Author Kenan to kick off new ‘Writing the South’ speaker series

CHAPEL HILL -- Author Randall Kenan will kick off the Writing the South Speaker Series Tuesday, April 1, at the University of North Carolina at Chapel Hill. The Center for the Study of the American South event begins at 7:30 p.m. in 116 Murphey Hall. The talk will be entitled "Who Threw the Whiskey in the Well?: Lies in Non-Fiction, Truth in Fiction." Refreshments and food will be served. Admission is free to the event, rescheduled due to winter weather.

Kenan is the 2002-2003 Lehman-Brady Distinguished Professor of Documentary Studies at Duke and UNC. Kenan’s first novel was "A Visitation of Spirits," published when he was 26 years old. "Let the Dead Bury the Dead," a finalist for the National Book Critics Circle Award," was published three years later.

The Carolina alumnus published a biography of James Baldwin in 1992. He later teamed up with photographer Norman Mauskopf on a pictorial, "A Time Not Here: The Mississippi Delta." Kenan received a Guggenheim Fellowship in 1994 and has contributed to The New York Times and The Nation. His non-fiction work, "Walking on Water: Black American Lives at the Turn of the Twenty-First Century," was the product of a seven-year journey across the United States to search for and chronicle contemporary black experience.

Kenan is among a series of well-known Southern writers who will stop by Carolina this spring to discuss their recent work.

The speaker series is organized by Dr. William R. Ferris, Joel R. Williamson Distinguished Professor of History and senior associate director of the UNC center, in conjunction with his spring 2003 folklore course, "Southern Literature and the Oral Tradition."
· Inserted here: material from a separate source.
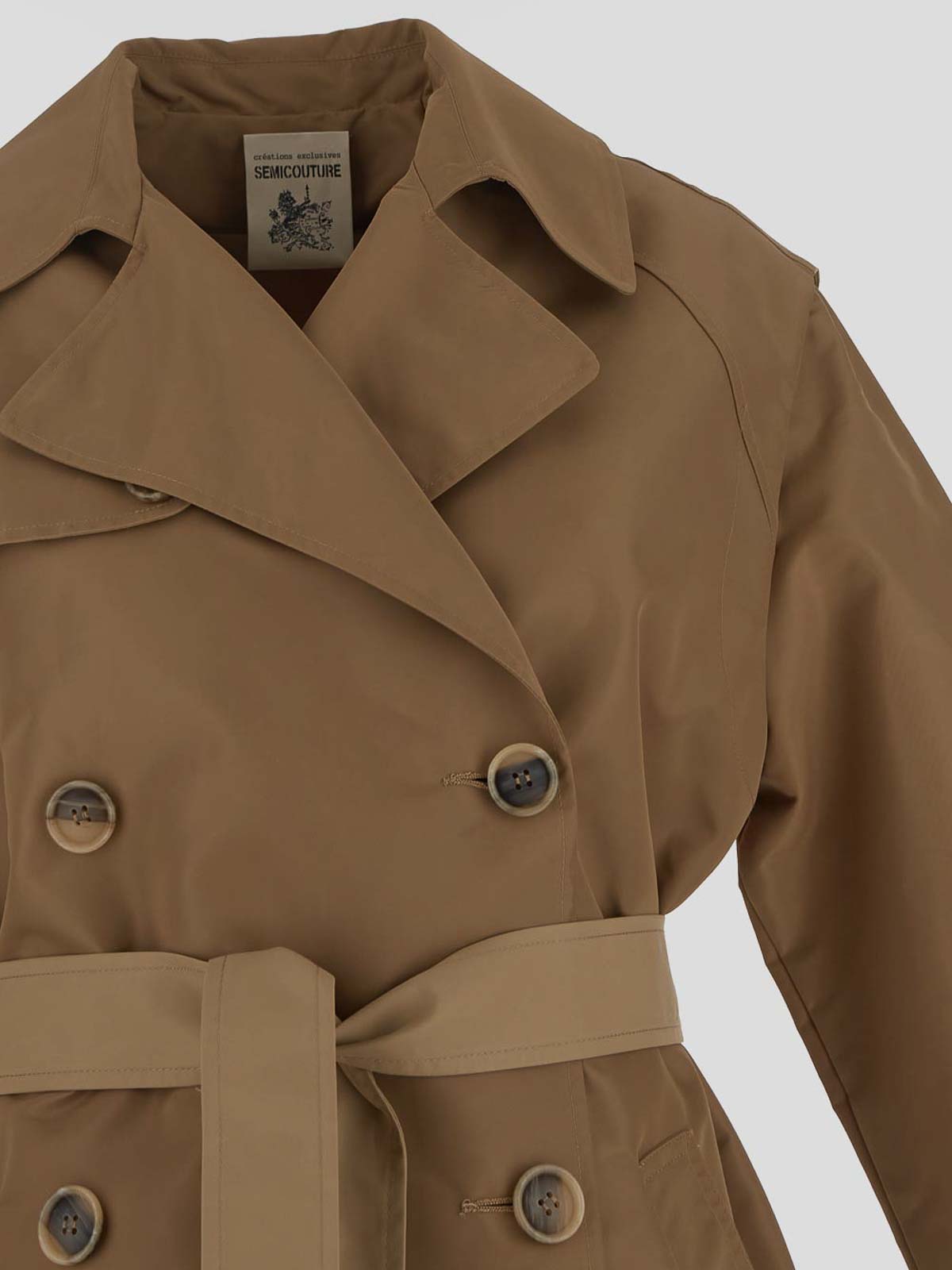 Shop Semicouture Trench Coat In Marrón Claro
Others speakers and dates in the series are:

· Lee Smith and Hal Crowther, March 25, 7:30 pm, Gardner 08.

· Alan Gurganus, March 27, 7:30 pm, Gardner 08.

· Elizabeth Spencer, April 22, 7:30 pm, Gardner 08.

Since 1992, the Center for the Study of the American South has been investigating Southern traditions and identity and exploring how the South affects the evolution of culture and society around the globe.